Example of a valid bucket policy for the IAM user and a bucket that is used for both reading input data and writing results:
- JSON
{
"Version": "2012-10-17",
"Statement": [
{
"Sid": "Asynchronous processor permissions",
"Effect": "Allow",
"Principal": {
"AWS": "<iam-user-arn->"
},
"Action": ["s3:GetObject", "s3:PutObject"],
"Resource": ["arn:aws:s3:::<bucket-name>/*"]
}
]
}
Access your bucket using the assume IAM role flow
To access the bucket, the recommended option is to provide the ARN of your IAM role that has access to the bucket:
- Python SDK
s3 = {
"url": "s3://<your-bucket>/<path>",
"iamRoleARN": "<your-IAM-role-ARN>",
}
When creating an IAM role, you have the option to add a layer of security by specifying the externalId
parameter.
In case you opt for this, make sure you use your SH domain account ID for its value, which you can find in
the User settings page in the Dashboard.
If your IAM role is shared among several principals, and you want to distinguish between their activities by setting roleSessionName in the trust policy of each principal to 'sentinelhub'.
Example of a trust policy for IAM role specifying permissions for a user:
- JSON
{
"Version": "2012-10-17",
"Statement": [
{
"Effect": "Allow",
"Principal": {
"AWS": "arn:aws:iam::614251495211:root"
},
"Action": "sts:AssumeRole",
"Condition": {
"StringEquals": {
"sts:ExternalId": "<your-SH-domain-account-id>"
},
"StringLike": {
"sts:RoleSessionName": "sentinelhub"
}
}
}
]
}
To give an IAM role access to the bucket, you can either add a permission policy to the IAM role or set a bucket policy in a similar way as above, using your IAM role as principal.
To learn how to create a role for an IAM user, check this link.
Access Your Bucket Using accessKey and secretAccessKey
The other option is to provide accessKey and secretAccessKey pair in your request.
To learn how to configure an access key and access key secret on AWS S3, see the Programmatic access section here.
Note that IAM user, to which your access key and secret are linked to, must have permissions to read and/or write to the corresponding S3 bucket.
Once you have accessKey and secretAccessKey, you can use them in a s3 object of your request like this:
- Python SDK
s3 = {
"url": "s3://<your-bucket>/<path>",
"accessKey": "<your-bucket-access-key>",
"secretAccessKey": "<your-bucket-access-key-secret>",
"region": "<your-bucket-aws-region>"
}
The above JSON for accessing the S3 bucket can be sent as:
- (optional)
evalscriptReference.s3to specify the bucket where the evalscript .js file is available, ouput.delivery.s3to specify the bucket where the results will be stored.
Check Async API reference for more information.
Checking the Status of the Request
While the request is running, you can get its status (see this example).
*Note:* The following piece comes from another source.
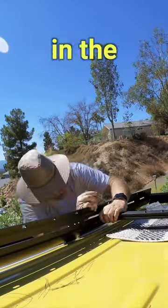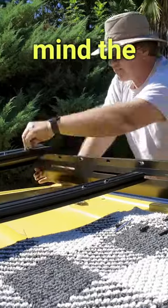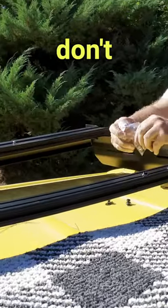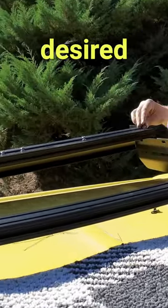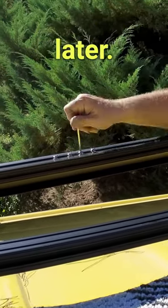Next, I placed the crossbars in the desired location and loosely bolted them in place. Keep in mind the layout of your rooftop and don't forget to insert the T-nuts in the desired locations in the crossbars so you can attach your gear and upfitters later.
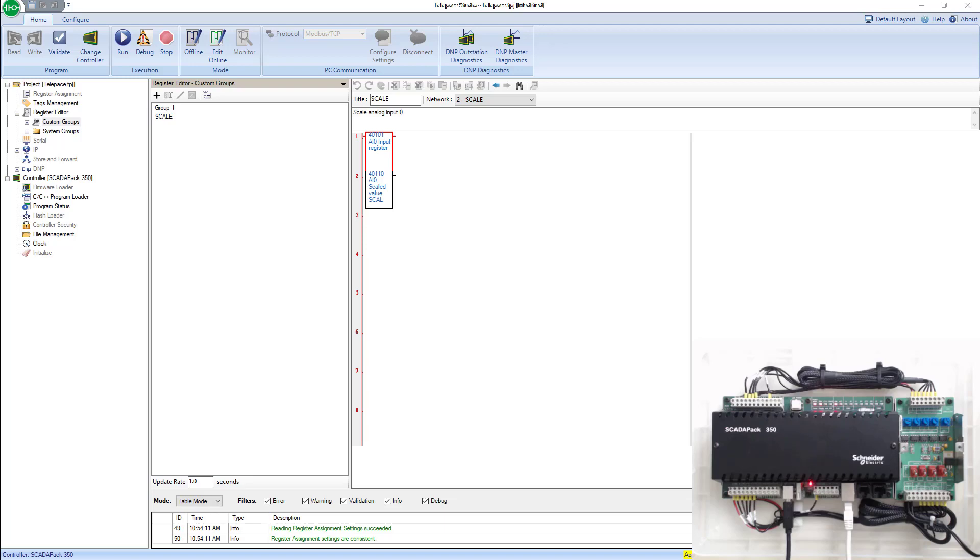In this lab, we're going to connect to the SCADA pack over serial instead of over USB or Ethernet.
Once the processing is finished, the request is deleted from our system. If you try to check its status after it has been deleted, you will get a '404 Not Found' response even if the request was processed successfully.
Troubleshooting
In case anything goes wrong when creating an Async request, we will return an error message immediately. If anything goes wrong once the Async request has been created, we will deliver an "error.json" file with an error message to your object storage (S3).